Keterlibatan kami di MLM memberi dampak positif kepada perusahaan. Saya mendapatkan banyak sekalli ilmu-ilmu baru yang sangat berguna untuk pengembangan bisnis saya di kantor. Ilmu mengenai pengembangan diri, motivasi, cara berhubungan dengan orang lain, people skill, leadership, ilmu penjualan dan lain-lain. Hampir semua ilmu yang saya dapatkan saya terapkan di kantor. Hasilnya luar biasa. Kami semua berhasil meningkatkan kwalitas kerja karyawan kami di kantor tampa harus mengirim mereka ke training-training di luar.

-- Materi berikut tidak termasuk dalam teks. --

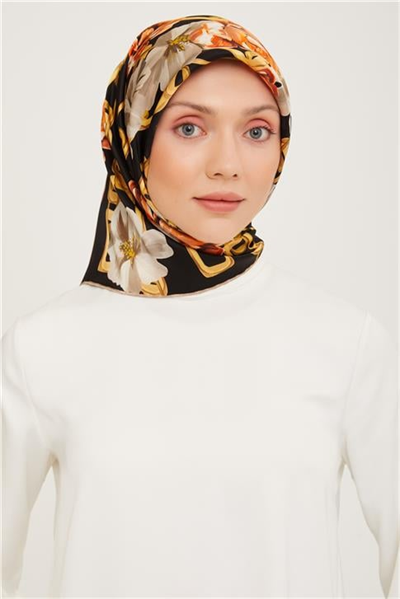 Armine Sura İpek Eşarp 23Ka9034 2 02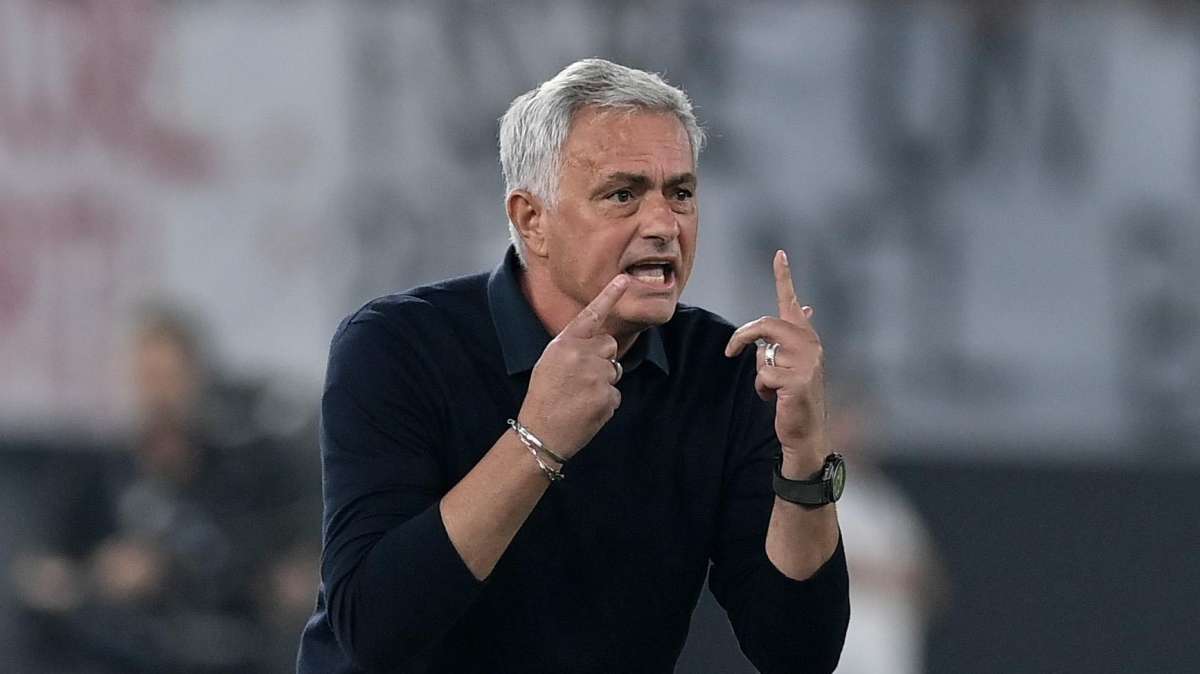Serie A, Mourinho non mangia il panettone? Si scommette sull'esonero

Kami mempunyai program membaca buku seminggu sekali bersama-sama karyawan. Sebagai leader saya bisa memberikan contoh dan cara memimpin yang baik. Hasilnya karyawan kami yang sebelumnya tidak mempunyai latar belakang asuransi, bisnis dan penjualan sekarang muncul menjadi penjual yang handal. Kami tetap bekerja produktif di tengah-tengah badai krisis. Setiap hari ada saja isu tentang adanya demonstrasi, penjarahan, teroris dan lain-lain beredar di sekitar Jakarta. Tapi kami tidak terpengaruh, tapi sudah membiasakan diri untuk tidak mendengarkan isu-isu itu. Karena memang sebagian besar dari isu tidak pernah terjadi, tapi gaungnya melalui televisi dan radio begitu menyeramkan. Kami selalu berfikir positif. Itulah buah dari hasil saya bergabung di MLM.